If a proposed in-law unit has less than two parking spaces, would cause a net-loss in trees on the site or the size of the unit exceeds 800 square feet, a special permit would be needed from the zoning board.
Driscoll pointed out that the impetus for changing the rules on in-law apartments came from the city's housing-themed forums from earlier this year.
"This was one of the top-ranked items," she said. "This proposed ordinance reflects those forums and discussions."
Work on the ordinance was begun by the board for the city's Affordable Housing Trust Fund, according to city planner Amanda Chiancola.
"We know we need housing, so accessory dwelling units have a lot of potential to create moderately priced rental units, which we desperately need in Salem," Chiancola said. "In its current form, we aren't going to get the units because of the limitations on family members and caretakers."
The ordinance has two ways of helping folks in Salem, according to Chiancola.
"You may create a unit for, let's say, your grandparent, and then your grandparent passes away or no longer needs the unit. You put an investment in your home and have to remove the unit under the current ordinance," Chiancola said. "Under the proposed ordinance, you can rent it out and create a stream of income."
At the same time, the units give people an in for living in Salem when the housing market is becoming pricier and pricier, moving further out of reach for many people.

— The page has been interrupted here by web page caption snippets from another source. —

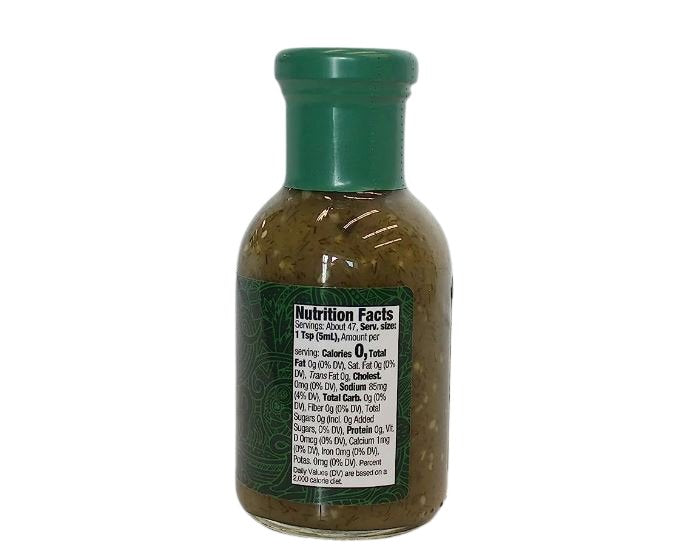 Big Green Egg: Dill Pickle Hot Sauce - Image 3
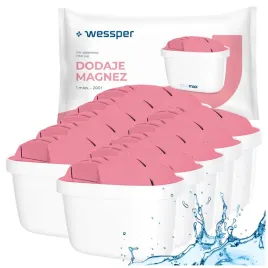 10x-wklad-filtrujacy-wessper-aquamax-do-dzbanka-aquaphor-dafi-zamiennik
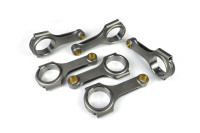 Шатуны кованые H-beam Toyota 1JZ-GTE vvti (6 шатунов)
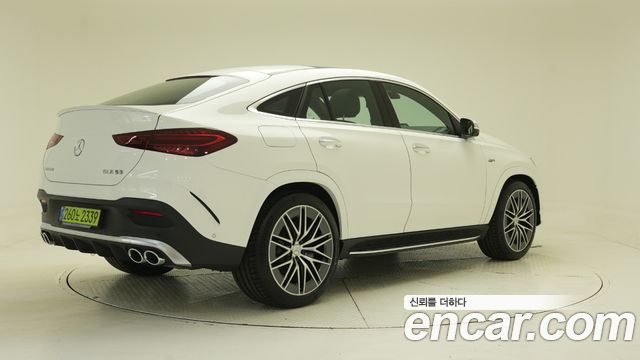 Mercedes-Benz GLE-Class (W167) AMG GLE53 4MATIC+ Coupe 2026 — фото 19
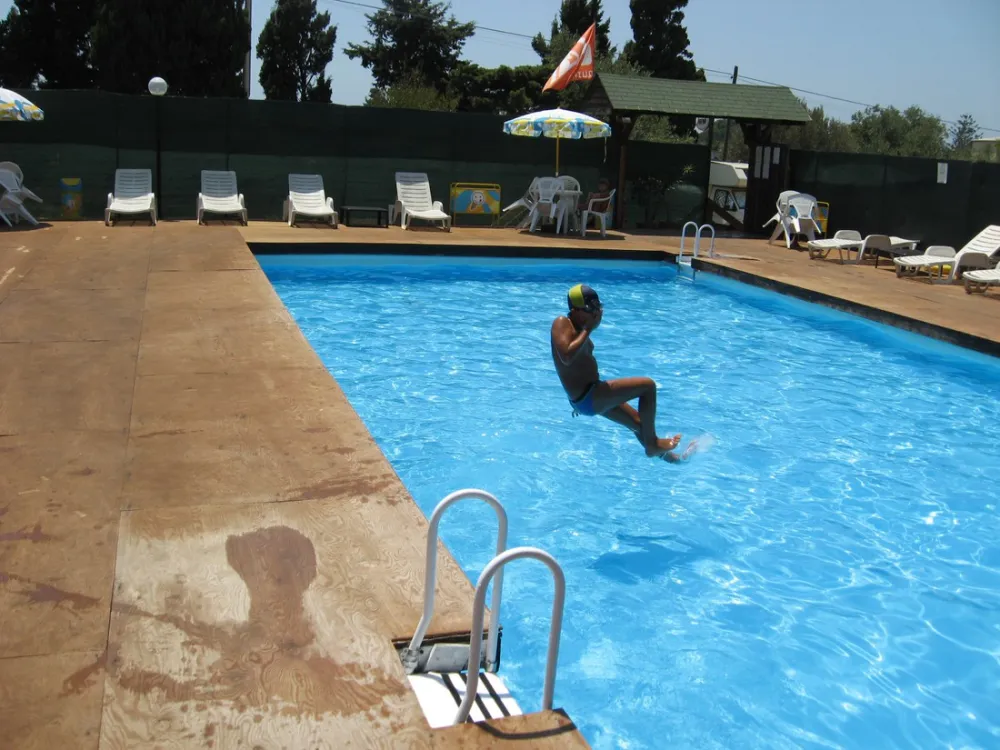 Camping Valle dei Templi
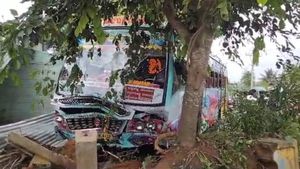 ಚಿಕ್ಕಮಗಳೂರು: ಶಾಲಾ ಮಕ್ಕಳ ಮೇಲೆ ಹರಿದ ಖಾಸಗಿ ಬಸ್, ವಿದ್ಯಾರ್ಥಿನಿ ಸಾವು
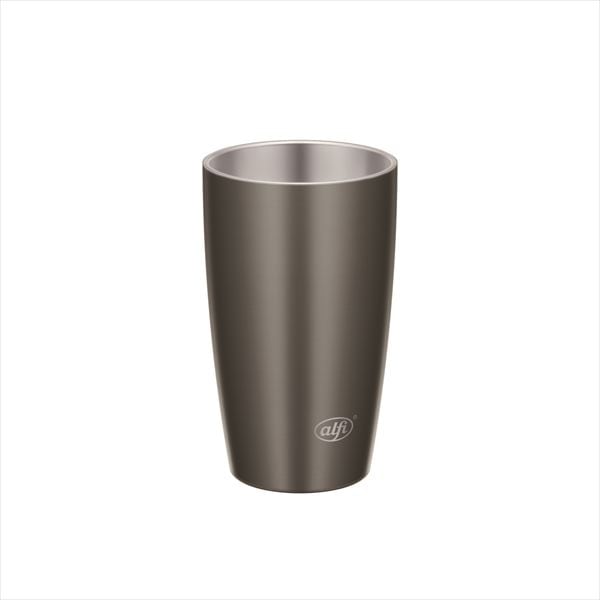 【SALE】アルフィ alfi FARBE 真空断熱タンブラー 0.34L クールグレー AFDD-340 CGY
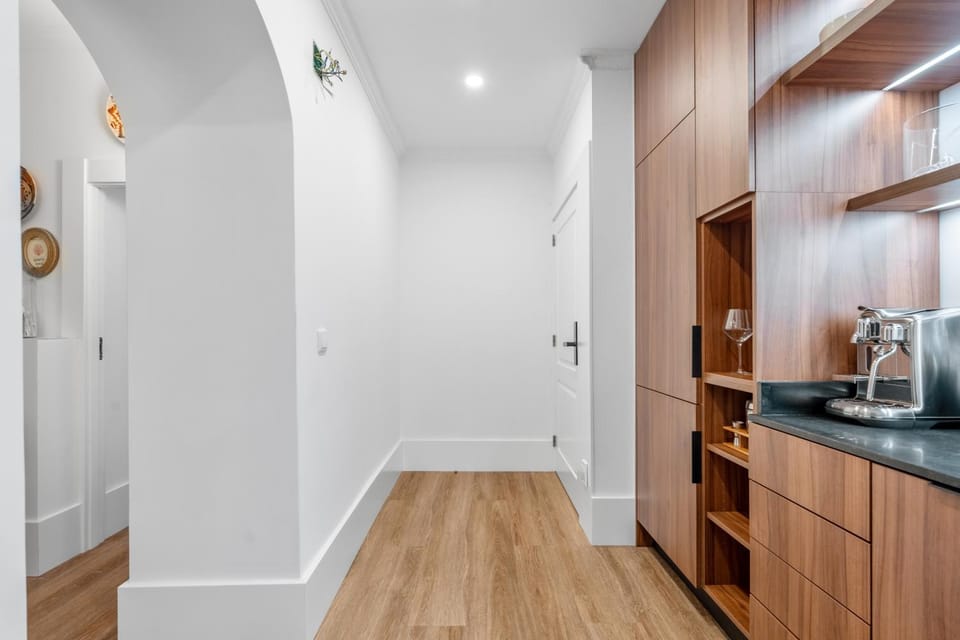 Coffee/tea facilities, Kitchen or kitchenette, minibar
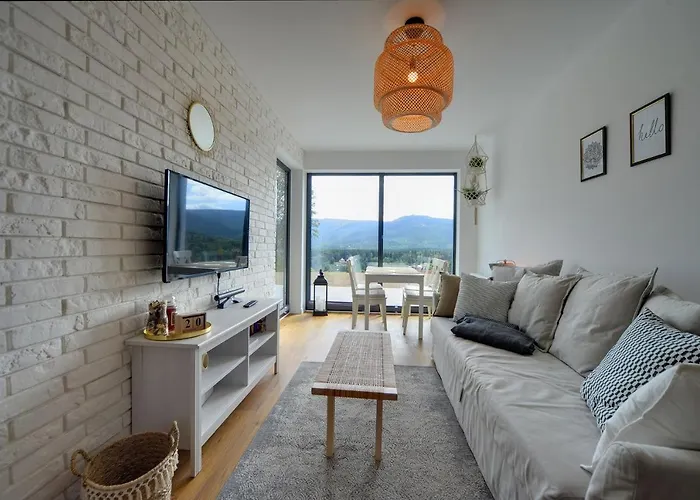 Invest Szklarska 800 B2 Szklarska Poreba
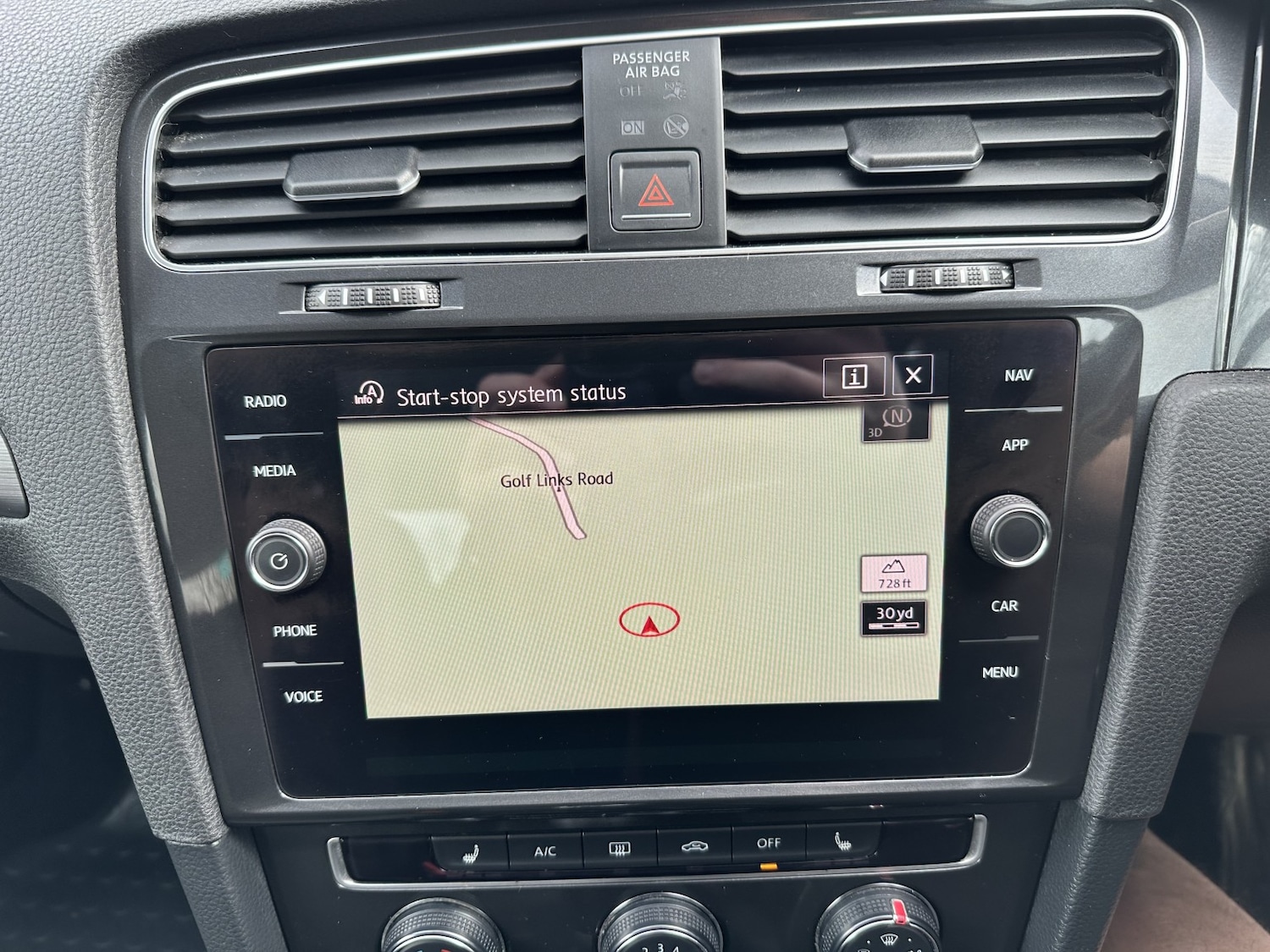 Used Volkswagen Golf 2018 for sale - 77675715: Photo 28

"It's for folks who need just a small unit. There are some folks who don't need a big house or a 1,500-square-foot apartment," Chiancola said. "They just need a small, 800-square-foot home. It helps them, and it also helps the person who owns the home by having that boost in income."
The proposed ordinance does prohibit using these in-law apartments as short-term rentals for lodging sites like Airbnb. The owner of the property must live on-site as well.
Breaking with tradition
As for Driscoll's State of the City address Monday night at Workbar, it will again buck years of tradition in which the speech would be delivered in the City Council chambers at City Hall. The speech is also traditionally held early in January. Last year, Driscoll gave her remarks in the main atrium at Peabody Essex Museum on New Year's Day.
Workbar is a new collaborative work space recently opened in the old City Hall Annex space at 120 Washington St. The Workbar location's opening was coincidentally timed with the closing of a similar spot at Liberty Tree Mall in Danvers, where the company previously leased space from Staples.
"When you think about Workbar, it's a symbol of the new economic activity we're seeing," Driscoll said. "It isn't a traditional office environment, but it's creating a lot of jobs, and I think there's a lot of economic activities derived from Workbar and shared working spaces."